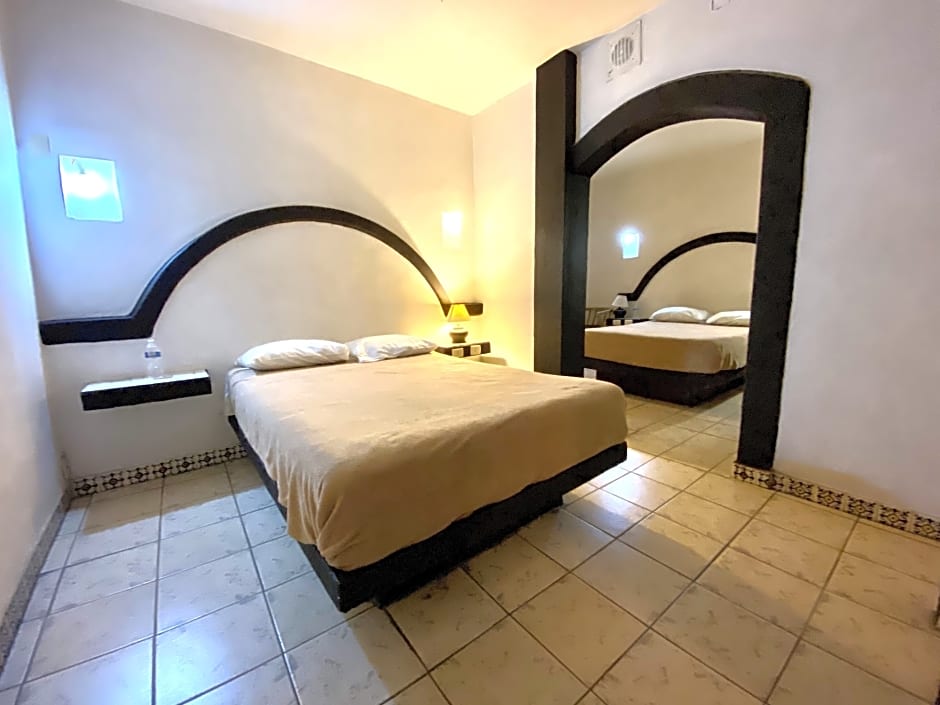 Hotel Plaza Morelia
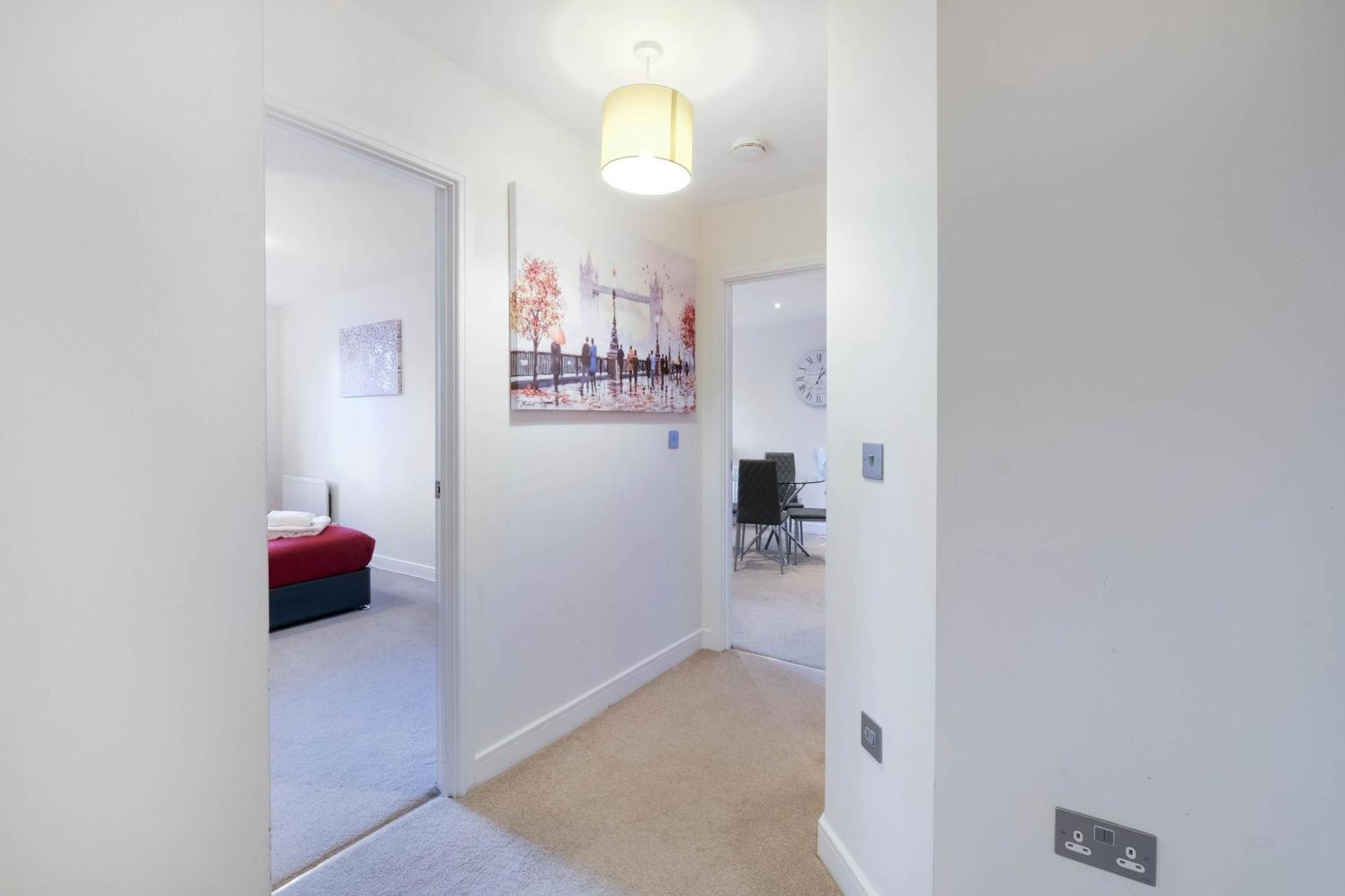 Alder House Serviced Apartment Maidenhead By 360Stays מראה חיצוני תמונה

........

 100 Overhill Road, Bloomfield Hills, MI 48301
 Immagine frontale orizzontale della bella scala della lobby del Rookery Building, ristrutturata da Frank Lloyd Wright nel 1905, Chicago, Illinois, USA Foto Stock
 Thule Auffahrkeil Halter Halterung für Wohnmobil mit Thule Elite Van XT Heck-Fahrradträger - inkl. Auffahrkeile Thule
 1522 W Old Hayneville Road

........

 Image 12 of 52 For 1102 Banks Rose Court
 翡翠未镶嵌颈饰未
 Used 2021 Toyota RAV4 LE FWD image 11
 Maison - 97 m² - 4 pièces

........

## HOW TO COMPLETE THIS TASK
Based on the records above, count the lines in which "Road" occurs and provide only the number.

## EXERCISE OUTPUT
2